Your objective
When you reach the line that contains "Crystal Diamond Table Lamp", set down that line and every one after it through the end of the records, exactly as written and with no pictures.

Data excerpts
◇ ◇ ◇ ◇ ◇

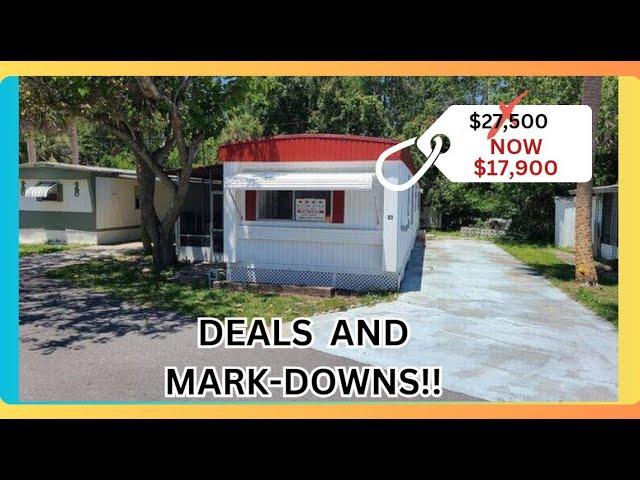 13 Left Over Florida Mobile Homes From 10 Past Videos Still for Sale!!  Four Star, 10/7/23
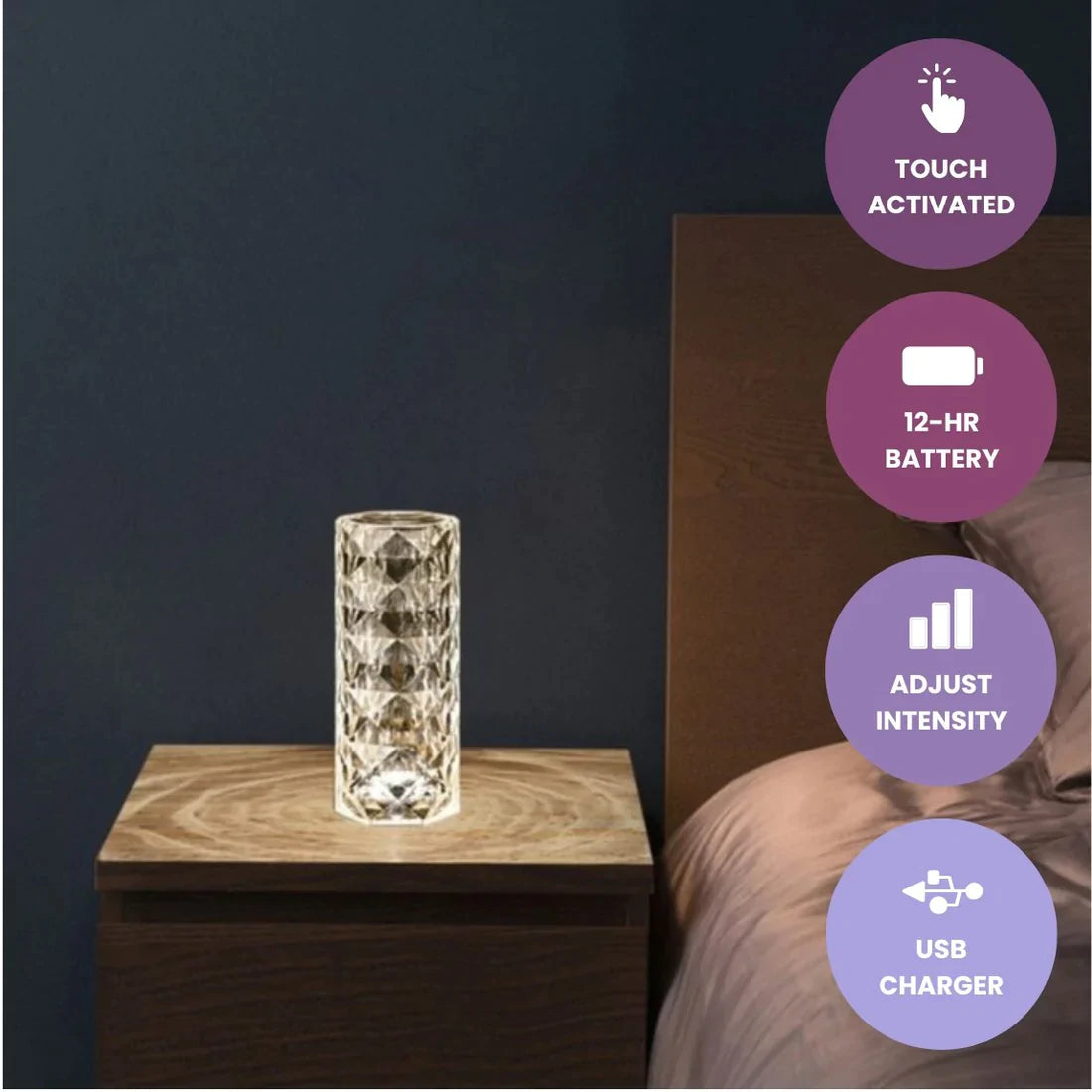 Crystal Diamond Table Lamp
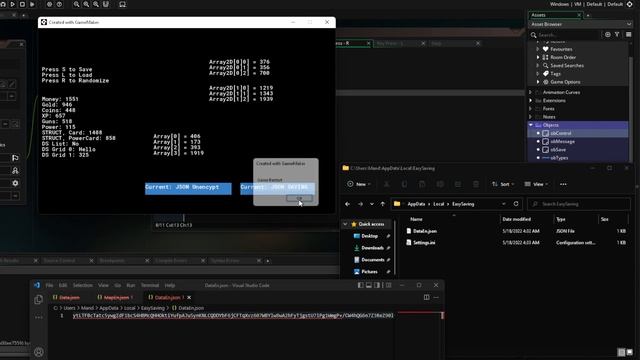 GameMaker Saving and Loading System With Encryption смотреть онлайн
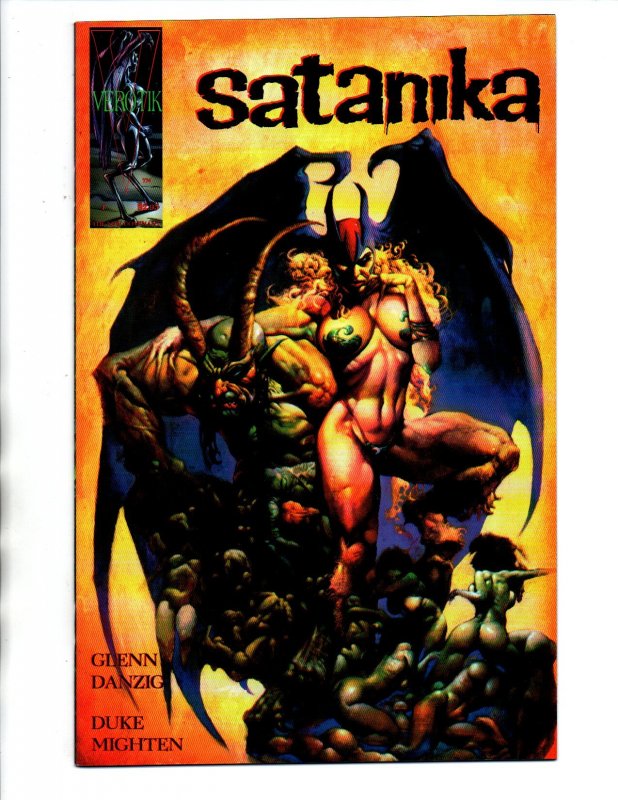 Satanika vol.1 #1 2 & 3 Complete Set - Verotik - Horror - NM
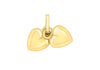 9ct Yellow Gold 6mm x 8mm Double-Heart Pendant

◇ ◇ ◇ ◇ ◇

Problem solution
 Crystal Diamond Table Lamp
 GameMaker Saving and Loading System With Encryption смотреть онлайн
 Satanika vol.1 #1 2 & 3 Complete Set - Verotik - Horror - NM
 9ct Yellow Gold 6mm x 8mm Double-Heart Pendant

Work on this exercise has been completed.